History is likely to judge George W. Bush’s response to the 9/11 terrorist attacks as follows: He squandered a unique opportunity for global cooperation on international security in favor of a unilateralist and imperialist foreign policy that aggravated terrorism, undermined American world leadership and increased global instability. That’s already the dominant viewpoint in most of the world, and the American people are steadily moving toward the same conclusion, if not quickly enough.
The invasion of Iraq was the first great foray of the new Bush imperialism. But from the beginning of his administration, the president rejected the multilateral framework of international relations that had been growing stronger in recent decades. Shortly after taking office Bush repudiated such key treaties as the Kyoto Protocol on Climate Change, the Anti-Ballistic Missile Treaty, the Biological and Toxin Weapons Convention, the Non-Proliferation of Nuclear Weapons Treaty and the International Criminal Court. At the time of the terrorist attacks, the United States also had failed to sign two international treaties designed to curb terrorism.
Whatever the shortcomings of such international treaties, they all contribute to global and national security and their rejection makes Americans less secure. The administration argues that it is preserving American sovereignty, but as a new study from the Institute for Agriculture and Trade Policy argues, the administration willingly surrenders sovereignty in trade agreements “that extend its control over the world’s resources” but is “less interested in those that promote the rights of people and protect the planet.”

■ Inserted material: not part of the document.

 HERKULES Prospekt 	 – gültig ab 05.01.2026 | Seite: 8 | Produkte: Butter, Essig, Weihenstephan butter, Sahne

The war in Iraq took unilateralism a giant step forward with a war that, as U.N. Secretary General Kofi Annan recently noted, was illegal and is losing more legitimacy every passing day. The collapse of the Iraqi army showed how little of a threat Saddam posed to his neighbors, let alone the United States. In early October, chief U.S. arms inspector Charles Duelfer reported that Iraq destroyed virtually all its chemical and biological weapons in 1991. And in an exhaustive October 3 report, the New York Times revealed how the administration ignored and overrode the preponderant intelligence analyses that cast doubt on its false claims that Saddam had a nuclear weapons program.
Saddam had no connection to the World Trade Center attacks, as the 9/11 Commission concluded. And both the CIA and Defense Secretary Donald Rumsfeld even recently admitted there is no proof of any connection between Saddam and al Qaeda.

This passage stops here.